Il existe un ordre pour l'exercice des charges publiques : questure,
édilité / (tribunat de la plèbe), préture, consulat, censure. Mais l'exercice de l'une
des trois premières suffit pour devenir préteur.
Il faut aussi respecter un âge minimum : trente ans. Avant cet âge, le
citoyen romain fait son service militaire pour une durée de trois ans à cheval ou de six
ans à pieds. Le consulat s'exerce vers quarante ans.
Au IIe siècle, les magistratures sont monopolisées par
l'aristocratie, à l'intérieur de laquelle se distingue la nobilitas. C'est qu'une campagne
électorale coûte cher avec la pratique des pots-de-vin et des subsides, et que certaines
magistratures coûte chers : elles ne sont pas rémunérées.
Seuls
accèdent donc à ces magistratures les grandes familles qui ont des moyens financiers,
des clientèles, et qui ont entre elles des liens matrimoniaux. Parfois s'intercalent des
hommes nouveaux, riches, bien mariés ou adoptés.
d. L'organisation des magistratures
L'annalité : on est élu en principe pour
un an, tout simplement pour éviter les abus d'autorité. Deux exceptions : la censure
tous les 5 ans pour 18 mois et la dictature nommée pour 6 mois renouvelables.
L'itération : on ne peut pas exercer deux fois de suite la même
magistrature (pour le consulat il faut attendre dix ans). Il y a dérogation néanmoins en
cas de manque de candidats.

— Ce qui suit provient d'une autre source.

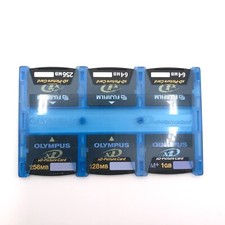 Lot picture card usato  Casorate Sempione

La fonction est alors prolongée et c'est une promagistrature : propréteur, proconsul...
Ces promagistratures sont des entorses incontestables au principe de base, qui sont à
l'origine des problèmes de la république avec les tentatives d'instauration de régimes
personnels.
La
collégialité : C'est un trait original de Rome, sauf pour la dictature, les magistrats sont toujours au moins deux.
Depuis 241, on a deux préteurs, mais il y aura 8 questeurs et 10 tribuns de
la plèbe. Si on multiplie ainsi le nombre de magistrats à l'intérieur d'un collège,
c'est lié à l'accroissement des charges, mais aussi au désir d'affaiblir certaines
magistratures à l'origine réservées à l'élite de l'aristocratie, aux patriciens, et
qui ont été ouvertes à la base de l'aristocratie, aux plébéiens. Enfin un souci de ne
pas concentrer les pouvoirs aux mains d'un seul homme ; toujours se prémunir d'un pouvoir
personnel.
A
l'intérieur de chaque collège, chaque magistrat dispose de la plénitude du pouvoir :
comme son collègue dispose également du même pouvoir, ils se neutralisent. Mais à Rome, celui qui s'oppose l'emporte sur celui
qui propose. Cela entraîne souvent un blocage des institutions.
Au sortir
de sa charge, tout magistrat doit rendre des comptes sur sa gestion. Mais cela reste
théorique : jugé par le sénat, il l'est par ses pairs !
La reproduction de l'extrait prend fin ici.